What are the most annoying things people have said to you regarding your sexuality?

that the only reason i don’t like men is because i’m too stubborn about it. being a lesbian is not a political thing. i am just a lesbian.

when men say i don’t look like a lesbian so i can’t be one. (i.e. you are attracted to me and in denial that i will never be into you by default.)

What are misconceptions about being a lesbian?

it’s not a choice. you cannot change us. we genuinely don’t like men, and that’s just how we are.

What are things to NOT say to a lesbian?

don’t ask me if i’ve ever been with a man, if something happened to me with a man that made me “swear off men.” just let me be.

What questions do you wish people would stop asking you?

don’t ask me intimate details about my sex life. don’t ask me if my parents accept me.

What would you like to say to anyone who is a lesbian or wondering if they are?

loving women is an amazing thing, and i hope you feel at home with who you are. ?

How involved would you say you are with the lesbian community?

desperately trying to be more involved. there’s so few lesbians out here.

What are things you love about being a lesbian, or part of the lesbian community?

i love being women-centered, women-focused. i love being around women. i love being a part of a loving, welcoming, and radiant community.

What are things that most lesbians can relate to?

having felt predatory by our peers when we were in school.

How often do you meet other lesbians?

very rarely!! ? i can mostly just find lesbians online.

Do you believe in gaydar? How is your gaydar?

a lot of people who say they have a gaydar have no idea when someone’s gay and just base things off of stereotypes or LGBT pins.

How do you recognise other lesbians irl?

when they hit on me lmao

How do you meet and connect with fellow lesbians?

online, discord, facebook, local IRL meetups, gay bars, book clubs.

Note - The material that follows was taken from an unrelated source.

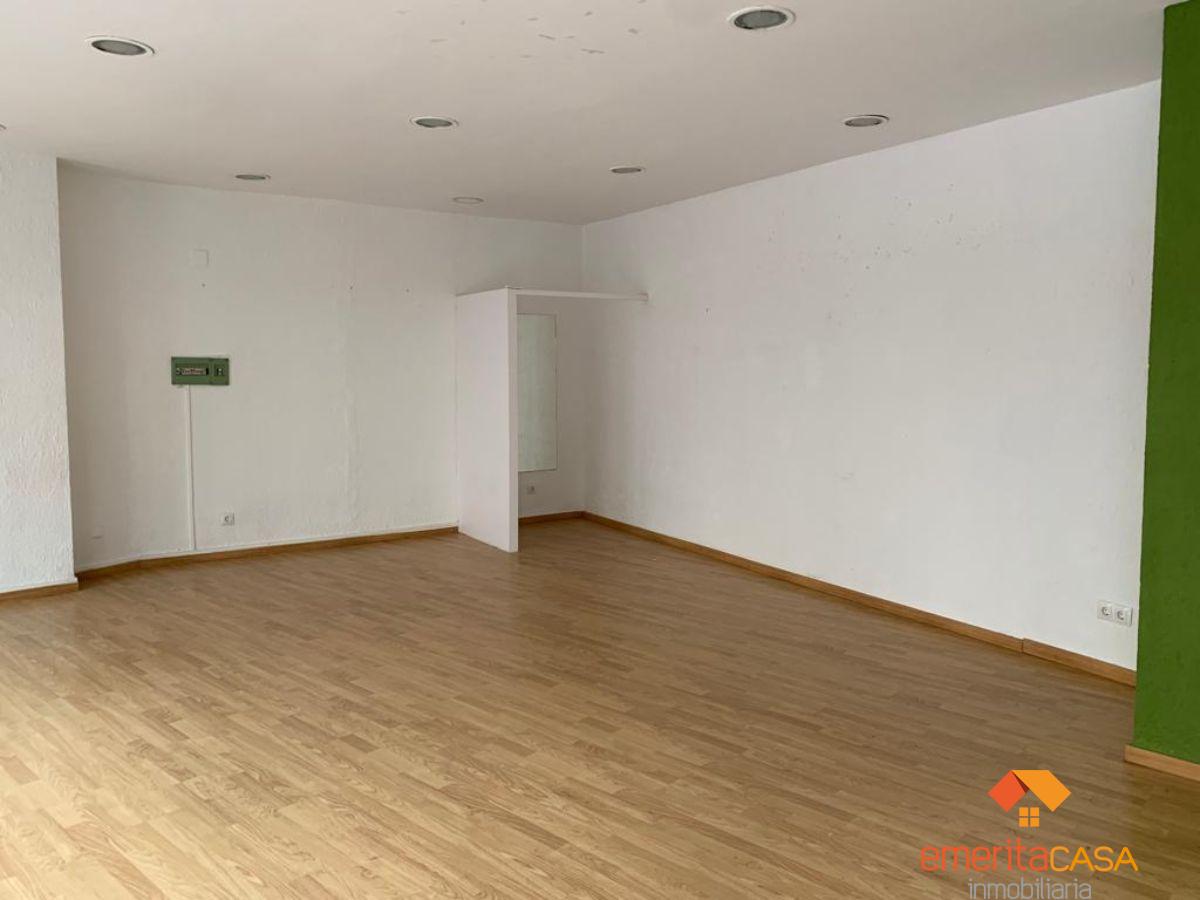 For rent of commercial in Mérida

Any sexual advice for baby gays?

communication is key. talk about your boundaries and wants beforehand, and don’t feel shy or weird about verbalizing what you want or asking your partner what they want in the heat of things. and don’t worry about it – you’ll figure it out.

Do you think sexuality, romantic attraction and gender identity are things that people are born with, influenced by upbringing, or both?

mine were what i was born with. but i hear for others it’s different.

What’s it like being queer in your country/society?

i’m not queer, but being a lesbian in my area is generally just fine. being nonbinary is more difficult.

How have you been subjected to homophobia?

from my parents, from my peers. i was ostracized and mistreated by the white girls in my class in high school when people found out i was a lesbian.

What aggravates you the most about people against gay marriage?

it’s just saddening. we deserve the same rights that straight couples have.

How can people be better allies to lesbians?

listen to us. talk with us. get to know us. defend us.

What are your favorite lesbian quotes?

when talking about intersectionality, there is a quote by i believe audre lorde where she says something akin to “a black issue is a lesbian issue because many black people are lesbians. a lesbian issue is a black issue because many lesbians are black.”

we are stronger when we stand together as a whole. ?

What was the first lesbian-themed movie you ever watched and how did it impact you?

carol, but i don’t think either character was a lesbian. it didn’t really change me in any way.

What are your thoughts on queer-baiting?

it seems like a fandom thing. i don’t have any opinion.